_Work request_
Where a picture appears, leave it out, and transcribe all the lines below exactly.

_Dataset section_

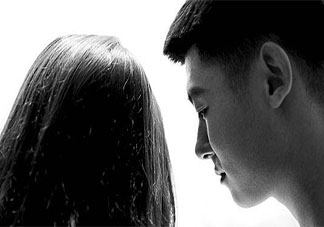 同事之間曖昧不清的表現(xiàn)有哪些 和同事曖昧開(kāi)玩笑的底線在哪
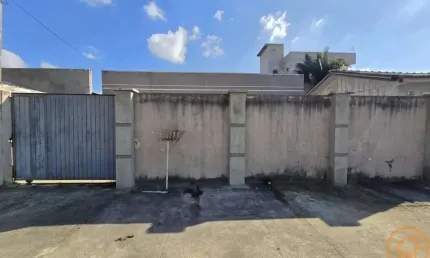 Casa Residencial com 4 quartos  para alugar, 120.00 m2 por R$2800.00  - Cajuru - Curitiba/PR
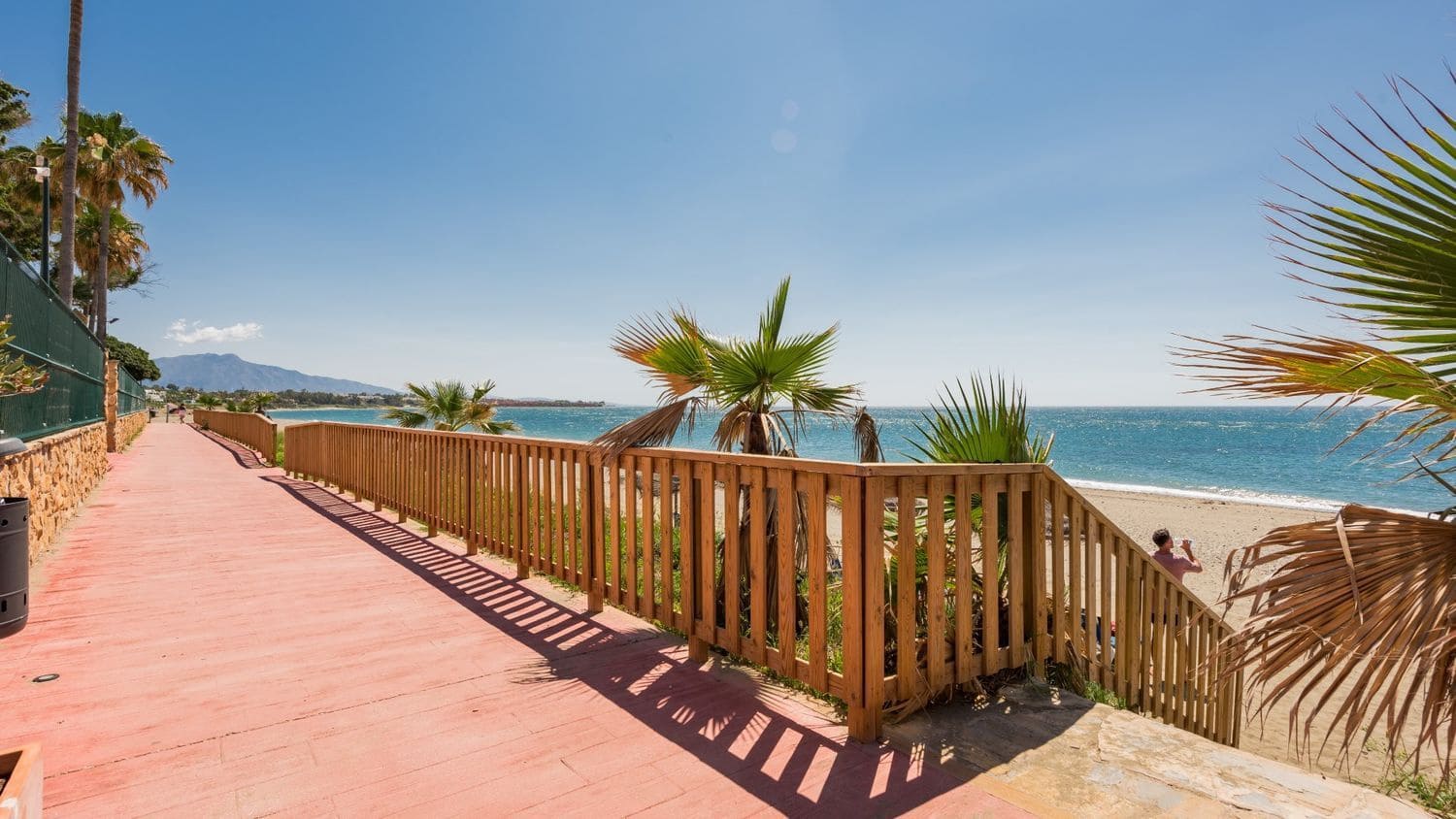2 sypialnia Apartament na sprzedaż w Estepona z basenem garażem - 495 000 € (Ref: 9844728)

_Problem solution_
 同事之間曖昧不清的表現(xiàn)有哪些 和同事曖昧開(kāi)玩笑的底線在哪
 Casa Residencial com 4 quartos  para alugar, 120.00 m2 por R$2800.00  - Cajuru - Curitiba/PR
2 sypialnia Apartament na sprzedaż w Estepona z basenem garażem - 495 000 € (Ref: 9844728)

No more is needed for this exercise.